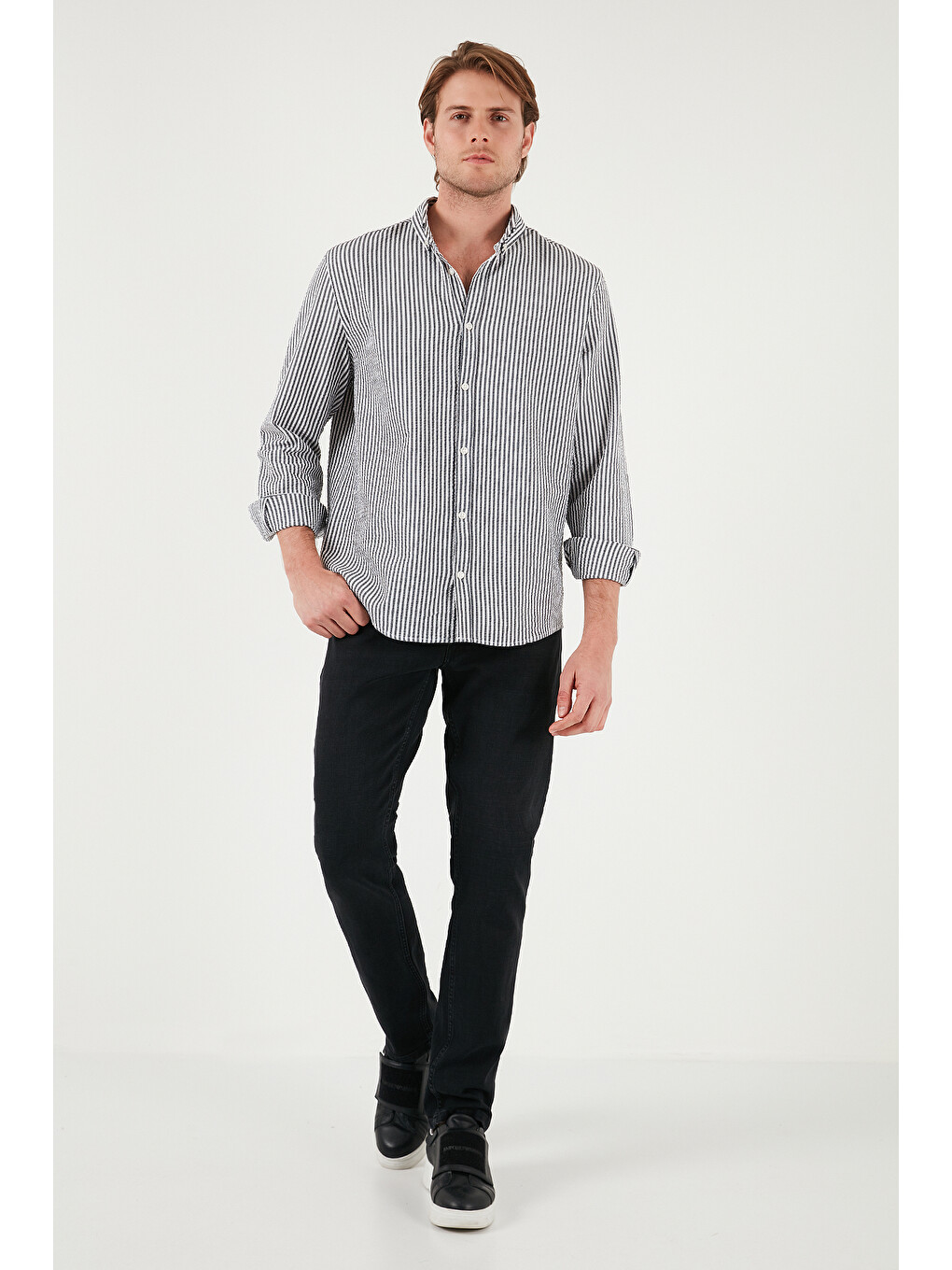 Lacivert Pamuklu Slim Fit Düğmeli Yaka Gömlek Cf23s112237-2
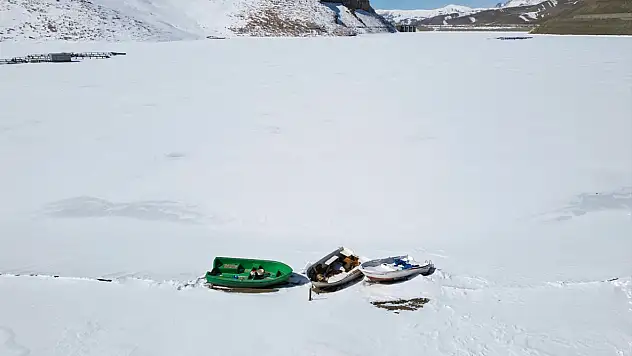 Van'daki Zernek Barajı dondurucu soğuklara teslim oldu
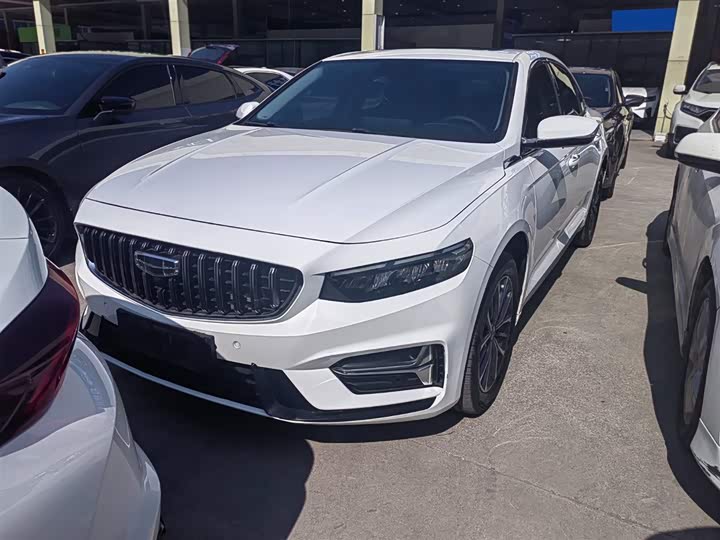 Фото 1 - Geely Preface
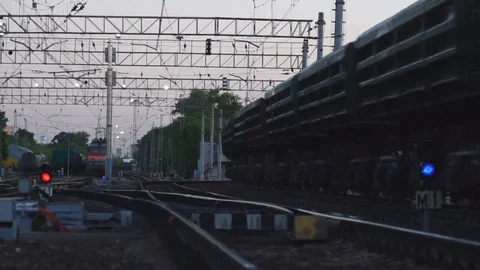 Freight train traveling on the paths during the day Vidéo 69167884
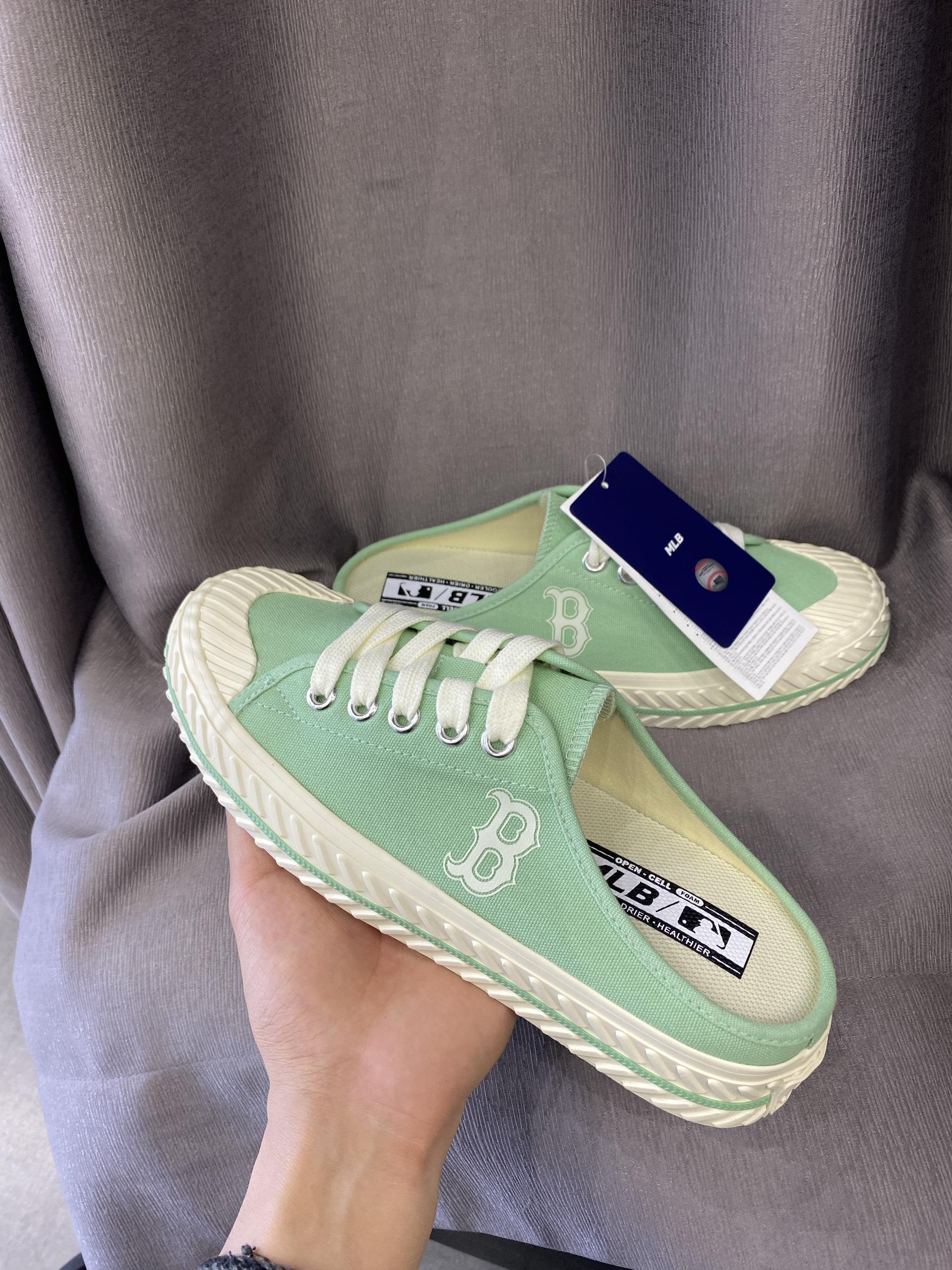 Giày thể thao, Balo thể thao, Nón thể thao, Thương hiệu giày nổi tiếng, Giày Adidas, Giày Nike, Balo Nike, Balo Adidas, Nón Nike, Nón Adidas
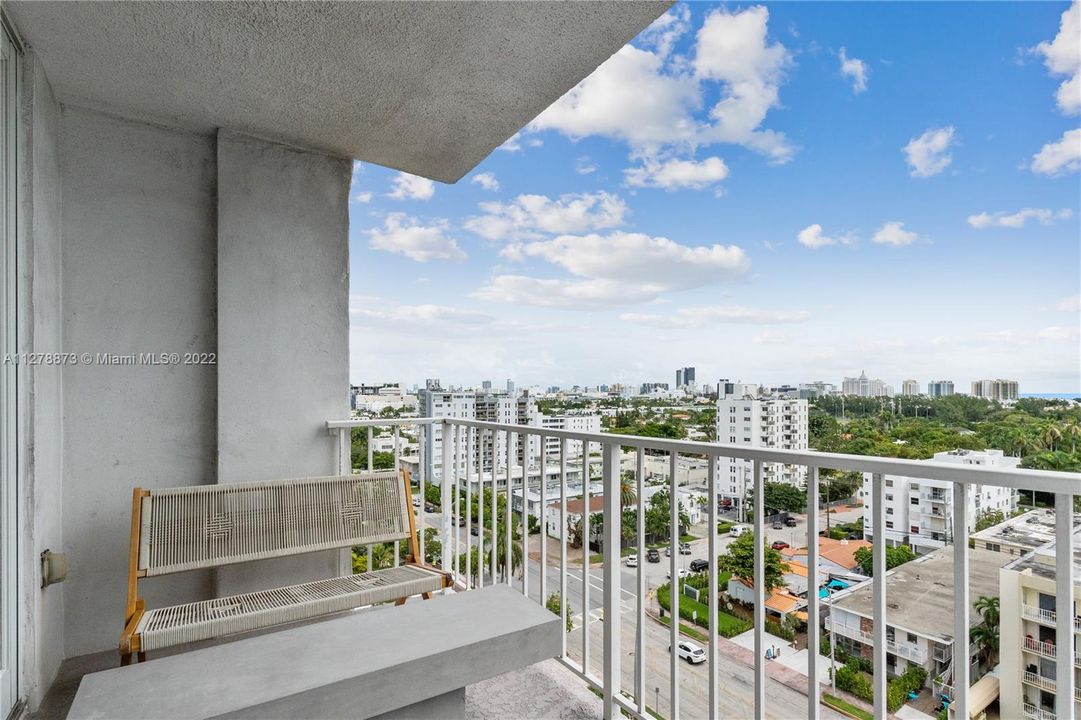 Recently Sold: $489,000 (1 beds, 1 baths, 930 Square Feet)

▶ **TASK GOAL**
What is needed is an exact reprint of every entry, pictures excluded.

▶ **TASK RESULT**
 Lacivert Pamuklu Slim Fit Düğmeli Yaka Gömlek Cf23s112237-2
 Van'daki Zernek Barajı dondurucu soğuklara teslim oldu
 Фото 1 - Geely Preface
 Freight train traveling on the paths during the day Vidéo 69167884
 Giày thể thao, Balo thể thao, Nón thể thao, Thương hiệu giày nổi tiếng, Giày Adidas, Giày Nike, Balo Nike, Balo Adidas, Nón Nike, Nón Adidas
 Recently Sold: $489,000 (1 beds, 1 baths, 930 Square Feet)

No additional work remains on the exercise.